I am picturing someone in Mark's community, telling the story of the Gerasene demon-possessed man. The Jesus stories were told in worship, and so I picture people gathered on the Sabbath, reciting the sh'ema, Hear Israel, The Lord your God, the Lord is one... And then it would be time for stories of their rebbe. Someone might tell this one like a ghost story, terrifying the little group with images of a moonless night, tombs, and a ferocious, filthy man. He would talk about how everyone else wanted to run away, but Jesus, Jesus was not afraid. Found love within himself for even this man. He would talk about the 2,000 pigs "running violently" to the edge of the cliff and drowning themselves, so there could be no question of a healing. He would tell of how, after the healing, the man sat on a rock, fully clothed, and ate a piece of bread and fish, drank a cup of wine. This scared the people in his town more than the way he was before, the storyteller would say, which always brought a laugh. Perhaps he would end his tale, And I begged Jesus to let me come with him, but he wouldn't. He told me instead to tell you about it.

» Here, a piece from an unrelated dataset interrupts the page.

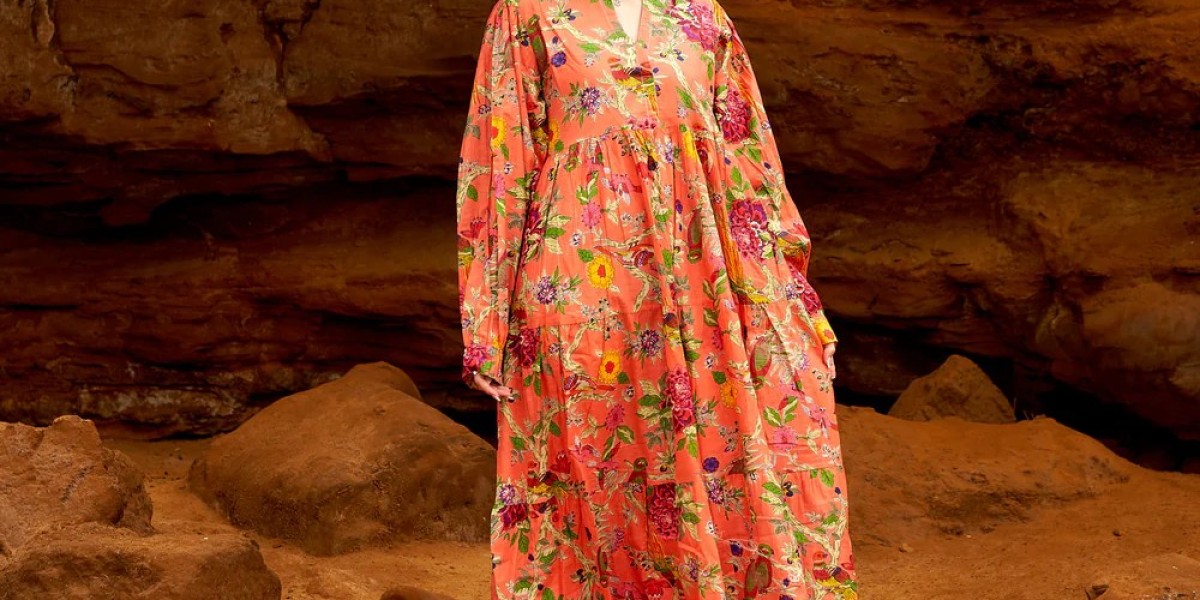 The Comfort and Style of Cotton Maxi Dresses for Women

You could say this is one person's way of sharing the healing and compassion he experienced with the rabbi. But I don't want to zap the life out of the story with plausible explanations. Jesus probably believed in demons like everyone else of his time. We do too, or we act as if we do.
In a church in Minneapolis where I was a secretary, they held a monthly activities club for people who lived in group homes, people who suffered from mental illness. It was called simply "The Third Thursday Club." It was held in the church basement, a grubby room as church basements tend to offer, led by a man named John. John was a shy young man with matted, blonde hair and a degree in social work. The staff tended to give the Third Thursday people (and sometimes John by association) a fairly wide berth. As I came to know John, I noticed that he didn't think he was being especially brave or generous for working with them. I asked him one time why people (including me) were so afraid of the mentally ill. "They're unpredictable," he said. "They don't say or do what you expect them to."
We medicate this. People with severe manic-depression tell me that they feel flattened on their medications. They can function - do what is expected in terms of job, family, caring for themselves - but feel very little joy or pain. No ability to make art or write poems, say. And, hungry for even a moment of emotional, creative life, they stop taking their medications. Horrible things happen. One man I know went missing for days, and was found sitting sunburnt in a field, unaware of who he was, or where he was, let alone the reek of piss and sweat on his clothes. I visited him in the hospital, and had whole conversations with him that he cannot remember now. He knows what danger he was in. He cannot forget the steep climb back to sanity and the community of the world. And the pain of the flatness, the hunger for vividness and truth still call to him. I will not be surprised if he tries it again.
I like a bright line separating me from folks like the "Third Thursday Club" or the man sitting in alone in that field. But there really isn't. Many people are fine until their illness strikes, much to their families' broken-hearted surprise. Alzheimer's Disease certainly works that way. It's easy to tell the story of the demon-possessed man as if he were something wholly other than myself. He is certainly an extreme case. But perhaps the extremity is once again the point. You can't help noticing how Jesus goes out and claims the worst people - all the people who are on the other side of the bright line - unclean women, adulterers, lepers, the lame, the violent and mentally ill - and loves them as his own. The man once possessed by demons can testify that love healed him, and he is one of us.